## Problem statement
Could you print every line from the first one of the records below through the line containing "Craftsman Trophy", with both included and nothing else?

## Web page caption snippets
══════

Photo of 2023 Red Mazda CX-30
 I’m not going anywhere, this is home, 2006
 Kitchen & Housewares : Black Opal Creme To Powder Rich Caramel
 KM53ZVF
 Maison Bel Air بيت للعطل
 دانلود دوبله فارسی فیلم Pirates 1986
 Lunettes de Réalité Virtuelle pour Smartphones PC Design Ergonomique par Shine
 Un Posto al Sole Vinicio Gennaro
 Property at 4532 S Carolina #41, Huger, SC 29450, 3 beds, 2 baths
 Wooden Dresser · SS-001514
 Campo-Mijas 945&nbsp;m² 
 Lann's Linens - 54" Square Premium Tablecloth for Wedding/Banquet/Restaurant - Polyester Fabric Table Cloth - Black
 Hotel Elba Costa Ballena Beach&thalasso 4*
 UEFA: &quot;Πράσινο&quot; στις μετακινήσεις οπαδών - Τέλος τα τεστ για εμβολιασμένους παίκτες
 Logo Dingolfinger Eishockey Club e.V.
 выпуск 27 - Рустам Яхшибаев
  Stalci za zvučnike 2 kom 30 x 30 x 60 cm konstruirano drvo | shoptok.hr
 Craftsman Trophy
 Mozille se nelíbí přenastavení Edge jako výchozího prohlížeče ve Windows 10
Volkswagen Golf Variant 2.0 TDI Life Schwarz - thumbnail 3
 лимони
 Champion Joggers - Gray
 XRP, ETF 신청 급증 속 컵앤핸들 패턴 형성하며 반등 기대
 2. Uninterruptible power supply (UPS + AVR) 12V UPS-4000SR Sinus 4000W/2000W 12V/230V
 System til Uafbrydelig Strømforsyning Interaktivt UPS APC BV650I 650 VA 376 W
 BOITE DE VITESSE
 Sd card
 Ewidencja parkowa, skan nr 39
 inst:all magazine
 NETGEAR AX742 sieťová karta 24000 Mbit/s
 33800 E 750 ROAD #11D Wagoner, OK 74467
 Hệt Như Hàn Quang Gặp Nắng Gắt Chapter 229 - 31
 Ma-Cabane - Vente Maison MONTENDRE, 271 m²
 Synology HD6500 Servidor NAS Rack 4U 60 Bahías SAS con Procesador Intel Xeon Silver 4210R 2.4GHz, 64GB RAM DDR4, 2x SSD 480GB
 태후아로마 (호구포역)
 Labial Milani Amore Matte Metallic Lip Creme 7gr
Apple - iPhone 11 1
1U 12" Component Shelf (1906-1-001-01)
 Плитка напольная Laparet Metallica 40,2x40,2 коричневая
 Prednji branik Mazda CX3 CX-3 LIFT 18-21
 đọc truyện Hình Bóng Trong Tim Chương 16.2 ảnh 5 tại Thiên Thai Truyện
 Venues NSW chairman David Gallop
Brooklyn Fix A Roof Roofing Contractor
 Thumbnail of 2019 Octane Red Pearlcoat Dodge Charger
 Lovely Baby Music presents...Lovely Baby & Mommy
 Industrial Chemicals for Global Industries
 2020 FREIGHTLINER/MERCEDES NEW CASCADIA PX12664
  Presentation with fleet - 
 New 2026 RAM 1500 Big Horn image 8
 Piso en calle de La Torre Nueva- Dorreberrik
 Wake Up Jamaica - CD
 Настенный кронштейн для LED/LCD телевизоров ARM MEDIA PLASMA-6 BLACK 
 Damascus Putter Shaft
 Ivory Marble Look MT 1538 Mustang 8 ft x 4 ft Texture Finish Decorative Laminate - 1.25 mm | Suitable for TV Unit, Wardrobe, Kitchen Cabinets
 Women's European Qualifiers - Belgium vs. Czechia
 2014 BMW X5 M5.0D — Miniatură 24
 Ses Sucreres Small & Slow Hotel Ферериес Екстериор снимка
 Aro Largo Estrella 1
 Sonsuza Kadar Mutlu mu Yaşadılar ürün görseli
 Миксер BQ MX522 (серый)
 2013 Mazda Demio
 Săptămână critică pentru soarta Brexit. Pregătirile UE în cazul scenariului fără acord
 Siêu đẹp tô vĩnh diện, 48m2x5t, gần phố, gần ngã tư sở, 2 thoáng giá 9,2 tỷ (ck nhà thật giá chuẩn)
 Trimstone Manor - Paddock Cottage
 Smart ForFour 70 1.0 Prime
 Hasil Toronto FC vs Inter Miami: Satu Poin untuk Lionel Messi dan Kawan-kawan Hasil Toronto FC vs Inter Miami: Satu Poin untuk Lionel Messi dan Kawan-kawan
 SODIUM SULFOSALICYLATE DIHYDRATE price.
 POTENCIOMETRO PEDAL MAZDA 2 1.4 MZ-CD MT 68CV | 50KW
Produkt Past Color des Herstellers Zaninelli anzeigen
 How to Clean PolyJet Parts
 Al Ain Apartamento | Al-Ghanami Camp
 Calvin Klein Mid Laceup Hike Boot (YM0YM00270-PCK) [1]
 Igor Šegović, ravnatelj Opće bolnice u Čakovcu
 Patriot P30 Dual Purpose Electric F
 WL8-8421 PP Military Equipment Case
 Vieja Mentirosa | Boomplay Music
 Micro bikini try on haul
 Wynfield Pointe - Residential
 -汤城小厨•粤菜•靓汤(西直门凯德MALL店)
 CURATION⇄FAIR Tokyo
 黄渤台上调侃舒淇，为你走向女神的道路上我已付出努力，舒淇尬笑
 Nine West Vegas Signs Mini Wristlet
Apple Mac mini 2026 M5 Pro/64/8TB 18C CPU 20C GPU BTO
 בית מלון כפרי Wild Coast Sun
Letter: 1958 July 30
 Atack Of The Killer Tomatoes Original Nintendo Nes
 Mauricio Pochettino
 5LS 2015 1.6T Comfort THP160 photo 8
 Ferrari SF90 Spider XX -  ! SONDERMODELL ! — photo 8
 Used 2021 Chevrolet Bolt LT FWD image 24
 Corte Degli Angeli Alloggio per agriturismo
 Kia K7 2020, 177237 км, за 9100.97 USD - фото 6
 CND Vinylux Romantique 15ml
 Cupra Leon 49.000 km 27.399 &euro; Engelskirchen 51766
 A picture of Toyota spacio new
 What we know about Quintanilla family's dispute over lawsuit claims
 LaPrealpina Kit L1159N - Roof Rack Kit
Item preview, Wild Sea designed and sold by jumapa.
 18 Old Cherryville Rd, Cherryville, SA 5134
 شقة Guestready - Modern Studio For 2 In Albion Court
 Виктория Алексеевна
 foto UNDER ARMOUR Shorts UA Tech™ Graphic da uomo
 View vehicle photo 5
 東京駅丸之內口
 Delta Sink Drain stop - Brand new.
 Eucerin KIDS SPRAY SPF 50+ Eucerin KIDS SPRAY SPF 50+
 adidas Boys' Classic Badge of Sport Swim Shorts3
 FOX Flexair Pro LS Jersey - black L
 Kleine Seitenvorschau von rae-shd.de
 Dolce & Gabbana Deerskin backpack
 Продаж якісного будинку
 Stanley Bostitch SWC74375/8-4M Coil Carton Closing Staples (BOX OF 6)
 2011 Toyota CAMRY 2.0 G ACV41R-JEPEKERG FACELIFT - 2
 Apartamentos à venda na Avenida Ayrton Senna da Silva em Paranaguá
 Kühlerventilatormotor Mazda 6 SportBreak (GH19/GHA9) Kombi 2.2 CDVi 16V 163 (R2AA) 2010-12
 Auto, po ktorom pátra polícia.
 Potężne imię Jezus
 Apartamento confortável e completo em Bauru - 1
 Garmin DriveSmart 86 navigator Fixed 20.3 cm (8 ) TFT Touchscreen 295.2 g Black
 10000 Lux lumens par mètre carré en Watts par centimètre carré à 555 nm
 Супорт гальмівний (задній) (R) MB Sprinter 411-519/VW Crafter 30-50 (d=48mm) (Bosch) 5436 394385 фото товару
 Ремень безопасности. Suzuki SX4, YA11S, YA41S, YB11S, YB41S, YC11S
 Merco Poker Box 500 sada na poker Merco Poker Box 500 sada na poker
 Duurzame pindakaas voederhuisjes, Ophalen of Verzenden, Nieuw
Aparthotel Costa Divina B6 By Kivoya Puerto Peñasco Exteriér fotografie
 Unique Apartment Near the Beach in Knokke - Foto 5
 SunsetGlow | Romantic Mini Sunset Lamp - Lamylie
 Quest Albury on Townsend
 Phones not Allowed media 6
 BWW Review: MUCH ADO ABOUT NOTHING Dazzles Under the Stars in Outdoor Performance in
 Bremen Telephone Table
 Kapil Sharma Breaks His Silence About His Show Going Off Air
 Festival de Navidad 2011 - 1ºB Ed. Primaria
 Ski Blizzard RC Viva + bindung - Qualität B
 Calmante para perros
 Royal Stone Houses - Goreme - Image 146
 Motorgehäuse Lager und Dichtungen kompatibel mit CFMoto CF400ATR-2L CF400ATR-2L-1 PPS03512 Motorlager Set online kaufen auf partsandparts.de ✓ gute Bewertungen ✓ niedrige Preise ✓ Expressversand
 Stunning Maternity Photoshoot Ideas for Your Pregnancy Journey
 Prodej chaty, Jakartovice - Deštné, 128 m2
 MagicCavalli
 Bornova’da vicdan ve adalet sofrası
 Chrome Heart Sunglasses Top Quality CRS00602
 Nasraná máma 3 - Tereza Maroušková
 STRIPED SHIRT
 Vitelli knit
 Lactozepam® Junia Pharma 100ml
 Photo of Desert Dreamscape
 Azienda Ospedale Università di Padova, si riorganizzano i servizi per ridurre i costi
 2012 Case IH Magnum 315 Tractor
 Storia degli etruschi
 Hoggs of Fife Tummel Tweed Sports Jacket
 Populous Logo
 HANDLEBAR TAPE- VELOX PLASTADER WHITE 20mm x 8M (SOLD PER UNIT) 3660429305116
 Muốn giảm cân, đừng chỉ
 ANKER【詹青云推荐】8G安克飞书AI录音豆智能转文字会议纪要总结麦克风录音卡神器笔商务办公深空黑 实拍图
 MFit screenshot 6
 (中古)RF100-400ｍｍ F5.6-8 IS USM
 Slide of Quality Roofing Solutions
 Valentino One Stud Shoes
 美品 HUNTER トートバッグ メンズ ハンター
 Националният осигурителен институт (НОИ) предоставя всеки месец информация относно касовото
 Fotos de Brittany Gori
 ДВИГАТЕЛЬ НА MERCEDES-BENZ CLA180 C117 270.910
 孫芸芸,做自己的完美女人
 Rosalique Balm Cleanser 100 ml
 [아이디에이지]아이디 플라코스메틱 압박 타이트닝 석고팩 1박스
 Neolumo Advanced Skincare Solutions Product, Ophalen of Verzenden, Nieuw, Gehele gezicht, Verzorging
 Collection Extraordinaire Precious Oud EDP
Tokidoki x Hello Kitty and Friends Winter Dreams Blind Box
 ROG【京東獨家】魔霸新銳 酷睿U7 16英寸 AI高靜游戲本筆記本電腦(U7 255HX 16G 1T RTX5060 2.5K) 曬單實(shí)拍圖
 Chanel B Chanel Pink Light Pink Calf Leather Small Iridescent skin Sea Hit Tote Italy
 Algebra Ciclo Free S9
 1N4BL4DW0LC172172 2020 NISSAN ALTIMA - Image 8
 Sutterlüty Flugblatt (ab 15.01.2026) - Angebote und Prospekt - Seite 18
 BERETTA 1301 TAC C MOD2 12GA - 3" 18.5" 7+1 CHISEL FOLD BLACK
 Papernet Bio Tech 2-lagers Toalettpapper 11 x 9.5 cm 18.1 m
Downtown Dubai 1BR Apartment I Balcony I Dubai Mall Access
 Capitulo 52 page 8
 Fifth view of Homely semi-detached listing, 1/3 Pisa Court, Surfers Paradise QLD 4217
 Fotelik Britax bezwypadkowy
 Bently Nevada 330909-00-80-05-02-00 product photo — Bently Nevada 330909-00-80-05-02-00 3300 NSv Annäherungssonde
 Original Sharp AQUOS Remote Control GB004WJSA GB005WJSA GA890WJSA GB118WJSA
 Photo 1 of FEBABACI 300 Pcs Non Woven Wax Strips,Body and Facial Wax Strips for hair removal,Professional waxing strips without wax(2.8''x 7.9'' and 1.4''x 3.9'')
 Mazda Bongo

══════

## Problem solution
Photo of 2023 Red Mazda CX-30
 I’m not going anywhere, this is home, 2006
 Kitchen & Housewares : Black Opal Creme To Powder Rich Caramel
 KM53ZVF
 Maison Bel Air بيت للعطل
 دانلود دوبله فارسی فیلم Pirates 1986
 Lunettes de Réalité Virtuelle pour Smartphones PC Design Ergonomique par Shine
 Un Posto al Sole Vinicio Gennaro
 Property at 4532 S Carolina #41, Huger, SC 29450, 3 beds, 2 baths
 Wooden Dresser · SS-001514
 Campo-Mijas 945&nbsp;m² 
 Lann's Linens - 54" Square Premium Tablecloth for Wedding/Banquet/Restaurant - Polyester Fabric Table Cloth - Black
 Hotel Elba Costa Ballena Beach&thalasso 4*
 UEFA: &quot;Πράσινο&quot; στις μετακινήσεις οπαδών - Τέλος τα τεστ για εμβολιασμένους παίκτες
 Logo Dingolfinger Eishockey Club e.V.
 выпуск 27 - Рустам Яхшибаев
  Stalci za zvučnike 2 kom 30 x 30 x 60 cm konstruirano drvo | shoptok.hr
 Craftsman Trophy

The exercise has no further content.